[Records from a data source]
══════════════════════════════

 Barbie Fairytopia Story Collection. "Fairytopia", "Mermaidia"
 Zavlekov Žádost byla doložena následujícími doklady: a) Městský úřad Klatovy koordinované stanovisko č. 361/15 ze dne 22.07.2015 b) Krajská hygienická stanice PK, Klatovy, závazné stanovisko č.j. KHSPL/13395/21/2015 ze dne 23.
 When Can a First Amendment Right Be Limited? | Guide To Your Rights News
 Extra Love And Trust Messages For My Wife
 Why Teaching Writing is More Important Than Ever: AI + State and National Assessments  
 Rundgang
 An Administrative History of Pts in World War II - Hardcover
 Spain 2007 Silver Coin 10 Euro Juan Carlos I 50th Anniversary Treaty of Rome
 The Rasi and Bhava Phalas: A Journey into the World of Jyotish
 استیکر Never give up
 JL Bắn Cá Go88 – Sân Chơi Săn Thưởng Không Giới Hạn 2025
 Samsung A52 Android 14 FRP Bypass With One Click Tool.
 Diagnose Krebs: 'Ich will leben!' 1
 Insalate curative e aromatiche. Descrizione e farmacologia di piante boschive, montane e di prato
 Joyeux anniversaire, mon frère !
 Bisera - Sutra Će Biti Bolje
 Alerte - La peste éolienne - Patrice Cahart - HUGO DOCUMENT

══════════════════════════════

**Brief**
Set down the data once more, exactly as shown above.

**Response to this task**
 Barbie Fairytopia Story Collection. "Fairytopia", "Mermaidia"
 Zavlekov Žádost byla doložena následujícími doklady: a) Městský úřad Klatovy koordinované stanovisko č. 361/15 ze dne 22.07.2015 b) Krajská hygienická stanice PK, Klatovy, závazné stanovisko č.j. KHSPL/13395/21/2015 ze dne 23.
 When Can a First Amendment Right Be Limited? | Guide To Your Rights News
 Extra Love And Trust Messages For My Wife
 Why Teaching Writing is More Important Than Ever: AI + State and National Assessments  
 Rundgang
 An Administrative History of Pts in World War II - Hardcover
 Spain 2007 Silver Coin 10 Euro Juan Carlos I 50th Anniversary Treaty of Rome
 The Rasi and Bhava Phalas: A Journey into the World of Jyotish
 استیکر Never give up
 JL Bắn Cá Go88 – Sân Chơi Săn Thưởng Không Giới Hạn 2025
 Samsung A52 Android 14 FRP Bypass With One Click Tool.
 Diagnose Krebs: 'Ich will leben!' 1
 Insalate curative e aromatiche. Descrizione e farmacologia di piante boschive, montane e di prato
 Joyeux anniversaire, mon frère !
 Bisera - Sutra Će Biti Bolje
 Alerte - La peste éolienne - Patrice Cahart - HUGO DOCUMENT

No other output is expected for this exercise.